The widespread reforms, announced yesterday, are designed to ease criteria for acquiring construction permits, including Environment Impact Assessment (EIA), geotechnical studies, topographic survey, occupation permit and notifications.
As such, procedures required to get a construction permit have been cut from 15 to seven while days within which to acquire a permit have reduced from 113 to 55.
The World Bank said in their Doing Business Report last year that 13 per cent of total cost for putting up a warehouse in Kigali was spent on securing a construction permit.
Acquisition of construction permit is one of the indicators where Rwanda ranked poorly in the Doing Business Report – 112th out of 190 countries globally.
The new reforms show a significant reduction in the cost of a construction permit, from over Rwf3.5 million to about Rwf600,000.
The reforms will come into force with immediate effect, officials said.

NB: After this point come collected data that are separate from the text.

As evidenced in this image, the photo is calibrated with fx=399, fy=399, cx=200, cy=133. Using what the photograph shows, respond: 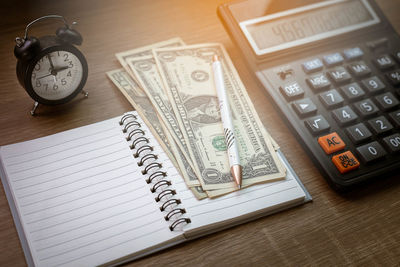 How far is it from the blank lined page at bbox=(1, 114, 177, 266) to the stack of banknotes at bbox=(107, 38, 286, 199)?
73 mm

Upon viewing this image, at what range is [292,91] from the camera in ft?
2.26

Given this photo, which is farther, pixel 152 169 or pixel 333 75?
pixel 333 75

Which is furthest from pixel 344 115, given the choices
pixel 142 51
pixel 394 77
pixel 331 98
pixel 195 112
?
pixel 142 51

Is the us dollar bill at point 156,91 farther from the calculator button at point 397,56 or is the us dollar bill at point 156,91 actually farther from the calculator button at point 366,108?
the calculator button at point 397,56

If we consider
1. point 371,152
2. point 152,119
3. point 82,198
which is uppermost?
point 152,119

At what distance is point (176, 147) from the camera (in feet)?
2.12

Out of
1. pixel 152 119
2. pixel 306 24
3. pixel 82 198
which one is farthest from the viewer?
pixel 306 24

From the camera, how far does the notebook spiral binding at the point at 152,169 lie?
0.56 metres

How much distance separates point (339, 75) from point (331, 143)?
0.52ft

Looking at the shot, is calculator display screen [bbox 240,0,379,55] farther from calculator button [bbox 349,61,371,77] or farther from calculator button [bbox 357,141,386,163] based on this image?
calculator button [bbox 357,141,386,163]

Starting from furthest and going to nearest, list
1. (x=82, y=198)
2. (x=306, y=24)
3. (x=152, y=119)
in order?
(x=306, y=24) → (x=152, y=119) → (x=82, y=198)

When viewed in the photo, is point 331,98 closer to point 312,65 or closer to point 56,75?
point 312,65

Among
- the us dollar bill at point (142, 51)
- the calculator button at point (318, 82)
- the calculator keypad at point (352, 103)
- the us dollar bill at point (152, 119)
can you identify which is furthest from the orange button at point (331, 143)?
the us dollar bill at point (142, 51)

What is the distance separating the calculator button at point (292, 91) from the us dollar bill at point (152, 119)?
0.69 ft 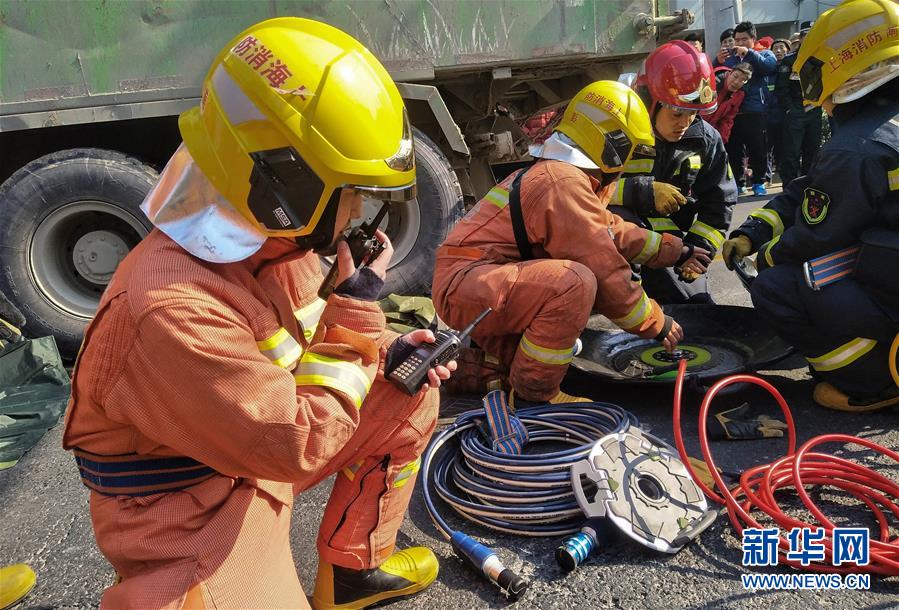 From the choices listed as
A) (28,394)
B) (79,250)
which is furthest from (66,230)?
(28,394)

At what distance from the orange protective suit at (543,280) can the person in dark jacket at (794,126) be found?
636 centimetres

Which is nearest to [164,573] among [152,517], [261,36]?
[152,517]

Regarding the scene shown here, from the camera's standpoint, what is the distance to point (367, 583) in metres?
2.05

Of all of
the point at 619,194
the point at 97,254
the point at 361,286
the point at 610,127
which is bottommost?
the point at 97,254

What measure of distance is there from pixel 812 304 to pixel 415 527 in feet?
6.51

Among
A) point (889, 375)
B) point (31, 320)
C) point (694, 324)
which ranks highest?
point (889, 375)

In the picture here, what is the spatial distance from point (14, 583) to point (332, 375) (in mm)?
1485

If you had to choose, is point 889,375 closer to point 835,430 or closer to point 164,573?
point 835,430

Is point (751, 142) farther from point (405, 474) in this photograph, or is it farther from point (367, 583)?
point (367, 583)

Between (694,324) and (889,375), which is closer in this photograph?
(889,375)

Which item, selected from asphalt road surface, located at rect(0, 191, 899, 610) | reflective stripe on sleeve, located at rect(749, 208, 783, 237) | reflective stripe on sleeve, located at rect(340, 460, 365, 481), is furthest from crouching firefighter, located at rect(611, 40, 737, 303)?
reflective stripe on sleeve, located at rect(340, 460, 365, 481)

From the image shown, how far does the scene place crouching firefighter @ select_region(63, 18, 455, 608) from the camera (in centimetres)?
153

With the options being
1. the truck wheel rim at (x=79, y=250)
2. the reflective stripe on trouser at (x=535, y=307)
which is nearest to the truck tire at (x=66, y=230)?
→ the truck wheel rim at (x=79, y=250)

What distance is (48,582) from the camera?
2.37m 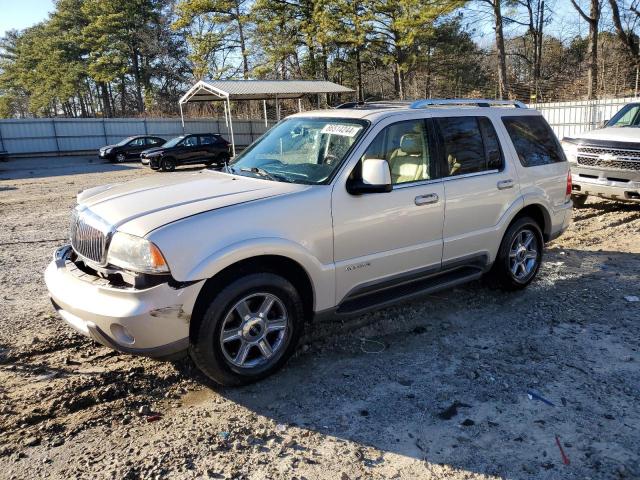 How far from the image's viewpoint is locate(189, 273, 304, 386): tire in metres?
3.36

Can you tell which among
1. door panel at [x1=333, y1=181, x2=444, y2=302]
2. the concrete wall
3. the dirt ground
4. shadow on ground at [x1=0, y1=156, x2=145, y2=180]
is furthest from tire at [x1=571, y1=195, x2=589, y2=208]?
the concrete wall

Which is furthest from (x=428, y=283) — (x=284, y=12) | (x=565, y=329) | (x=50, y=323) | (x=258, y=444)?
(x=284, y=12)

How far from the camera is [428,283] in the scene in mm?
4559

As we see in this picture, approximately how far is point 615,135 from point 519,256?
17.7ft

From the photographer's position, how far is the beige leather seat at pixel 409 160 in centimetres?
428

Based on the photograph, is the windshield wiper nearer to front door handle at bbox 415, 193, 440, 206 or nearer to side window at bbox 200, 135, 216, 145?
front door handle at bbox 415, 193, 440, 206

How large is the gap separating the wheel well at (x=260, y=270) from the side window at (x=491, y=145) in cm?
229

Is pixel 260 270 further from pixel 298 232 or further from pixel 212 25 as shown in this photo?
pixel 212 25

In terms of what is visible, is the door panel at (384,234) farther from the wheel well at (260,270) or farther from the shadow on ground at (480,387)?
the shadow on ground at (480,387)

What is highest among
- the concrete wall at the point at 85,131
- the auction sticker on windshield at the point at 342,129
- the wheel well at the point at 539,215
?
the concrete wall at the point at 85,131

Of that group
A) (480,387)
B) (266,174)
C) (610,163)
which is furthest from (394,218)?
(610,163)

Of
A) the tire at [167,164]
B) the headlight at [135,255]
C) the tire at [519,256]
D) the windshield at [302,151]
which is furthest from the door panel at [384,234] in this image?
the tire at [167,164]

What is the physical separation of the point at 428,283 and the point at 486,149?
4.79ft

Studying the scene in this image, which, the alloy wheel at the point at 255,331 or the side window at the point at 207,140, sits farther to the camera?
the side window at the point at 207,140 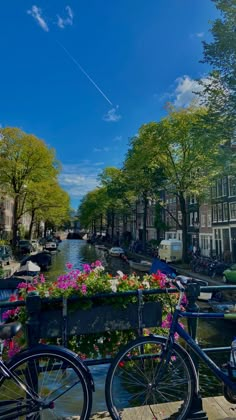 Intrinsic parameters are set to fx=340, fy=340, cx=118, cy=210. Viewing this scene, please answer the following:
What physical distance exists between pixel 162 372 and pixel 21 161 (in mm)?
38184

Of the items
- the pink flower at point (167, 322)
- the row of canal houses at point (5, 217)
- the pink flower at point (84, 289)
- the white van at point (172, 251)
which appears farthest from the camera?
the row of canal houses at point (5, 217)

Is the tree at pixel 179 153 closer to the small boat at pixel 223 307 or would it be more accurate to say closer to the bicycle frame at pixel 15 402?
the small boat at pixel 223 307

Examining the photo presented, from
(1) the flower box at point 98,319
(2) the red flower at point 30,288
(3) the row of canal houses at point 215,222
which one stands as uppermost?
(3) the row of canal houses at point 215,222

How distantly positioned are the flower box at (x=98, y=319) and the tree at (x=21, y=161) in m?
36.6

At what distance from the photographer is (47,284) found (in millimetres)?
3766

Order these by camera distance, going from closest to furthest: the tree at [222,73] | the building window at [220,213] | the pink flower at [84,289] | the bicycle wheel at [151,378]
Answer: the bicycle wheel at [151,378], the pink flower at [84,289], the tree at [222,73], the building window at [220,213]

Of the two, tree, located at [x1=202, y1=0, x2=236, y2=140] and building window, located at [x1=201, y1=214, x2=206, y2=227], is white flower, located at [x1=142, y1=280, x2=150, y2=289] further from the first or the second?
building window, located at [x1=201, y1=214, x2=206, y2=227]

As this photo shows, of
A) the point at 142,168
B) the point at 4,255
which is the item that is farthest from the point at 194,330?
the point at 142,168

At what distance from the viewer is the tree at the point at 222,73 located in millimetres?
17078

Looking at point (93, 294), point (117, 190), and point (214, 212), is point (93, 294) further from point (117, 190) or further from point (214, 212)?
point (117, 190)

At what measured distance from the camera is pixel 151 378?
3219 mm

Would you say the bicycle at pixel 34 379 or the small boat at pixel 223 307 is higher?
the bicycle at pixel 34 379

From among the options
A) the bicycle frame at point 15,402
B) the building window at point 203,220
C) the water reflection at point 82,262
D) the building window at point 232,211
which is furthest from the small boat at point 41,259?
the bicycle frame at point 15,402

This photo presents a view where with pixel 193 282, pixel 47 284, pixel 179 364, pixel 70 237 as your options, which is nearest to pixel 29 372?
pixel 47 284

According to Parfait Busabizwa, the acting Mayor of City of Kigali, the reforms will significantly improve investment and doing business in the capital.
Furthermore, construction projects that are not in environmentally risky zones will not require the EIA certificate.

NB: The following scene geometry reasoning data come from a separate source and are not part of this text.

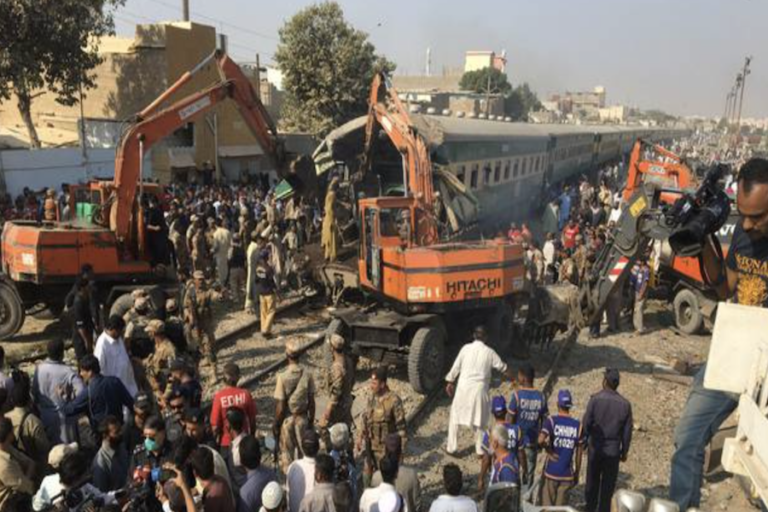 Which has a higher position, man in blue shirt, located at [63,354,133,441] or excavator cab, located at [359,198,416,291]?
excavator cab, located at [359,198,416,291]

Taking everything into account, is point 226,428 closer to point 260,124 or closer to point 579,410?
point 579,410

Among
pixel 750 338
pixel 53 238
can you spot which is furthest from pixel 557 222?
pixel 750 338

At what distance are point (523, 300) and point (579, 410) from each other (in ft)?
7.75

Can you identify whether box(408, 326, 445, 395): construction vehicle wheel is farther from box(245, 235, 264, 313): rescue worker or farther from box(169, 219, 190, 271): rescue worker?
box(169, 219, 190, 271): rescue worker

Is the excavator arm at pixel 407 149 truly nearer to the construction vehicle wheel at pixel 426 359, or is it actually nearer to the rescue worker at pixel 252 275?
the construction vehicle wheel at pixel 426 359

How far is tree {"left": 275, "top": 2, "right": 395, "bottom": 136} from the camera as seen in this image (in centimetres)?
2889

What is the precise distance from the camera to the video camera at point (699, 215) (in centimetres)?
390

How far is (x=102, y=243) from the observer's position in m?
10.3

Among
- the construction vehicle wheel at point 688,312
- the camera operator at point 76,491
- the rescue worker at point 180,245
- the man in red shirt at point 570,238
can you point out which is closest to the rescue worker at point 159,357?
the camera operator at point 76,491

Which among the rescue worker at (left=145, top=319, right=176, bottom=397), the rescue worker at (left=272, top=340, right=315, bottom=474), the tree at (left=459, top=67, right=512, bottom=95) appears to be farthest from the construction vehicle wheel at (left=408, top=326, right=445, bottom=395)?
the tree at (left=459, top=67, right=512, bottom=95)

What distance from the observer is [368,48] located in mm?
29625

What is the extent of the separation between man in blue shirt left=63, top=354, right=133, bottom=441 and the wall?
1630 cm

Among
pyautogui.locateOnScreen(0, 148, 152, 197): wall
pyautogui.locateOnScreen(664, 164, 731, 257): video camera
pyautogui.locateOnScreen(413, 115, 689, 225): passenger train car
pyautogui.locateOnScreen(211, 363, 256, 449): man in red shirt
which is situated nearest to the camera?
pyautogui.locateOnScreen(664, 164, 731, 257): video camera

This means applicants with such projects with save up to Rwf570,000 that has been going on EIA experts.
Non-storied residential houses and warehouses will no longer require geotechnical studies, which will result into saving some Rwf2 million that applicants have been paying to geotechnical experts.
In areas which are covered by the online Kigali City Master Plan, construction projects will no longer be required to undertake topographic survey because the online version has topographic features for all land uses in all locations,” Busabizwa said.
Such a topographic survey costs US$500.
The conventional notification that applicants needed to submit to City of Kigali upon commencement of construction works has also been scrapped from the list of requirements while the occupation permit and freehold land title will be availed in less than three days from the day of application.
Busabizwa said the city expects to introduce more changes in the near future to make it much easier to invest in the city.
“Five years ago, applicants for construction permits were required to submit bulky paperwork until we introduced an online system and availed online the Kigali City Master Plan in 2013. We have also since established a One-Stop-Centre that handles construction permits,” said Busabizwa.
He urged those with plots of land in the city to expeditiously process the documents to begin construction works since costs and requirements have significantly been reduced.
“Some plots have unfinished structures while others are being used for cultivation yet they are meant for either residential or commercial buildings, which is a threat to both security and sanitation,” he said.
Eng. Fred Mugisha, the city’s director of construction and urban planning, said the City’s One-Stop-Centre has been given more capacity and personnel to improve on their efficiency.
Construction projects in the city increase by almost three times a year, he said.
City officials said Rwanda Development Board played a key role in coming up with the new reforms.